You are viewing an old version of this page. View the current version.

Compare with Current View Page History

« Previous Version 11 Next »

This article provides an overview of ModelOp Center’s Model Monitoring approach, including the use of various metrics to enable comprehensive monitoring throughout the life cycle of a model.

Table of Contents

Introduction

ModelOp Center provides comprehensive operational, quality, risk, and process monitoring throughout the entire life cycle of a model. ModelOp Center uses the concept of an “associated model” that allows the user to “associate” specific monitors for the model and run these monitors routinely--either on a scheduled or triggered basis. Monitors are associated models that can be tied to one or more business models, or “base models”.

ModelOp Center ships with a number of monitors out of the box, which the user can select and use without modification. Additionally, the user may decide to write his/her own custom monitoring function which can be registered as an associated model and set to run for the user’s model. ModelOp also provides a monitoring SDK in the form of a Python package to assist in writing custom monitoring functions or supplementing the out of the box monitors. This gives the enterprise the flexibility to select the best metrics to monitor their unique requirements from a business, technical, and risk perspective. Furthermore, these monitors are integrated into model life cycles, allowing the user to not only observe issues via the monitor, but to automatically compare the monitor outcomes against model-specific thresholds and take remediation action if there are deviations.

The subsequent sections provide an overview of monitor selection as well as how to test monitors within ModelOp Center.

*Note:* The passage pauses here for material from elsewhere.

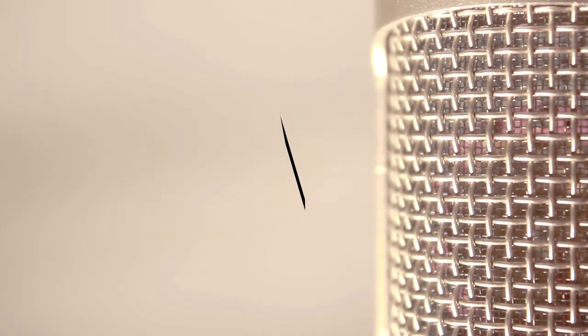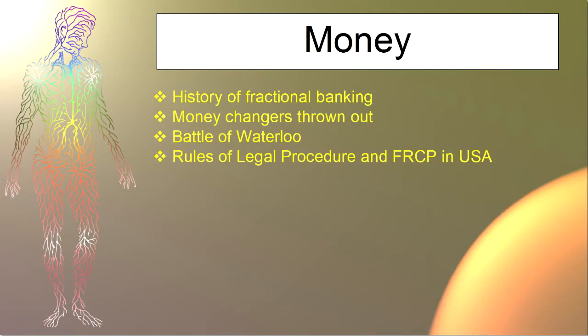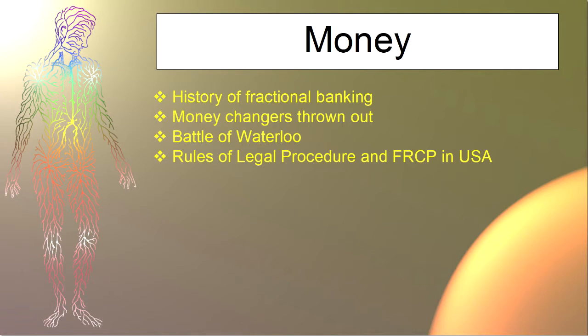Well, after the Battle of Waterloo, the Rothschilds paid their attorneys to rewrite the rules, the laws, to help protect their investment. And they wrote the rules of legal procedure in England, which the USA basically adopted the same numeric code in 1822 as the FRCP, Federal Rules of Civil Procedure, from the systems we had just come from.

Subsequent articles go into detail on enabling statistical monitoring, drift monitoring, and ethical fairness monitoring.

Monitoring Concepts

As background, ModelOp Center treats all “monitors” as models themselves, which allows for reuse and robust governance and auditability around these critical monitors that are ensuring that an enterprise’s decisioning assets are performing optimally and within governance thresholds.

Additionally, ModelOp Center uses decision tables to determine if a model is running within the desired thresholds. Decision tables are an industry standard approach to allow for defining various rules by which a decision should be made. ModelOp specifically chose to incorporate decision tables for monitoring as our experience has shown that there are a number of factors that weigh into whether a model is actually having an issue, often combining technical, statistical, business, and other metadata to ascertain if the model is operating out of bounds. ModelOp Center provides data scientists and ModelOps engineers the flexibility to incorporate these varying requirements to provide more precise monitoring and alerting when a model begins operating out of specification.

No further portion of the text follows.